Caddyshack–(1980) Written and directed by Ramis, with help on the writing from others. 7.4 on IMDB. The definitive golf comedy classic. I’ve seen this movie multiple times and love it each time–and not just because it’s the first pairing of Billy Murray with a groundhog. (Here’s a question for you: what if this movie is an alternative outcome to Groundhog Day, where Phil Connors went absolutely insane and emerged to become the groundskeeper of this film? Awesome.) The quotes from this movie are endless. It’s in the hole. You’ll get nothing and like it. The Varmint Cong.
Stripes–(1981) Written by Ramis and others and directed by Ivan Reitman. 6.9 on IMDB. Not my favorite movie of his, but still–Ramis and Bill Murray team up on screen to present the most awesome ESL class ever.
National Lampoon’s Vacation–(1983) Directed by Ramis. 7.4 on IMDB. If you’ve ever been on a cross country family trip and you’ve never seen this movie, you’re really missing out. Pure comedy gold, done superbly by Chevy Chase. I’ve seen this film many many times, and I’ve always loved it. The dog behind the car. Wally World. Aunt Edna. Great movie. You also start to get a feel for some of the films Ramis likes to focus on. Comedy that comes from everyday life, with a strong twist of bizarre. The movie’s funny, yes–but there’s a squishy center in the middle of it.
Ghostbusters–(1984) Written by Ramis and Ackroyd, directed by Ivan Reitman. 7.8 on IMDB. I was talking to a student worker the other day, and they’d never seen Ghostbusters. Never even heard of it. And that should just be a federal crime. It’s a perfect blend of scary, funny, and strange. Own it. Love it.
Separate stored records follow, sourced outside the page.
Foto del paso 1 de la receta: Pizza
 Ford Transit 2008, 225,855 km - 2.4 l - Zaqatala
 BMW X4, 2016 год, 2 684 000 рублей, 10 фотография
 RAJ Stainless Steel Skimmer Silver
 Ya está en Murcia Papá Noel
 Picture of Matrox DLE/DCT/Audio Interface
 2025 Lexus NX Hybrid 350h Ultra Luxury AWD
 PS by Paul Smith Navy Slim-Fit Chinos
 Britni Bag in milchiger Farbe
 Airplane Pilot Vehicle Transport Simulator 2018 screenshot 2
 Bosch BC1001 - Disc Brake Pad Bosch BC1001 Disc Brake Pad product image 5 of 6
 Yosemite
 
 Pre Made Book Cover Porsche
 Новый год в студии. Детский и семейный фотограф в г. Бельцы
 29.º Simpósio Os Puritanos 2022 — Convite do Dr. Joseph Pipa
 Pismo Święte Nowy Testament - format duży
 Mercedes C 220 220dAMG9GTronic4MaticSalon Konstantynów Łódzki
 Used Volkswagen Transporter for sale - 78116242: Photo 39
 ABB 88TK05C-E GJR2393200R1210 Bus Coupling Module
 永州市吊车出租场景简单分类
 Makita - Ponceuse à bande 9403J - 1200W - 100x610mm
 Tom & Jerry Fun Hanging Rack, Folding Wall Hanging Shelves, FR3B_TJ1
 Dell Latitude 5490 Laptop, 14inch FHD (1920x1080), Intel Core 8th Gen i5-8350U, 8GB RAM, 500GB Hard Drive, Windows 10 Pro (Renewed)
Groundhog Day–(1993) Written by Ramis and Danny Rubin, directed by Rubin. 8.1 on IMDB–the 216th top rated film. This one needs no introduction or summary from me. Like Vacation, it’s definitely got a squishy center. I’ve seen this movie at least 15 times. Probably around 2o. It just keeps getting better. A fantastic movie.
Multiplicity–(1996) Directed by Ramis. 5.9 on IMDB. I haven’t seen this one in a long time, though I remember enjoying it a fair bit when I did. Michael Keaton has some very funny roles in the movie, and I wonder how well it has aged. I don’t think that 5.9 rating is reflective of the sort of movie it actually is, but I’d have to give it another gander to say for sure. Again, you’ve got a comedy exploring the squishier side of humanity.
Analyze This–(1999) Written by Ramis and others, directed by Ramis. 6.7 on IMDB. De Niro and Billy Crystal, doing the mob therapist thing long before The Sopranos came on the idea. I saw this one once, quite a long time ago. Not many memories here.
Bedazzled–(2000) Written by Ramis and others, directed by Ramis. 5.9 on IMDB. Again, I feel like that 5.9 is too low. The DVD cover has a bikini-clad Elizabeth Hurley, so I think perhaps it’s setting the wrong expectations for viewers. It’s not the sex romp the cover seems to be promising. It’s a Faustian remake of the original Dudley Moore movie, where a regular guy makes a deal with the devil, and humor ensues. I liked this one enough to buy it on sale, though it’s been a while since I watched it.
The Ice Harvest (2005) Directed by Ramis. 6.3 on IMDB. It stars John Cusack as a mob lawyer trying to make a break for it. How could I not watch it? Again, I think 6.3 is low for this movie–so it seems I clearly have a soft spot for Ramis films. It’s quite the departure from his other movies. Darker, although I would still argue it’s got a squishy center (for a black comedy).
And that rounds out the movies I’ve seen of his. There are a few holes I’m missing, but I’ve seen most of them. Thank goodness we’re still able to watch the work of the artist when the artist is gone, but it makes me sad that we no longer have a chance of getting anything new. Mr. Ramis, you shall be missed.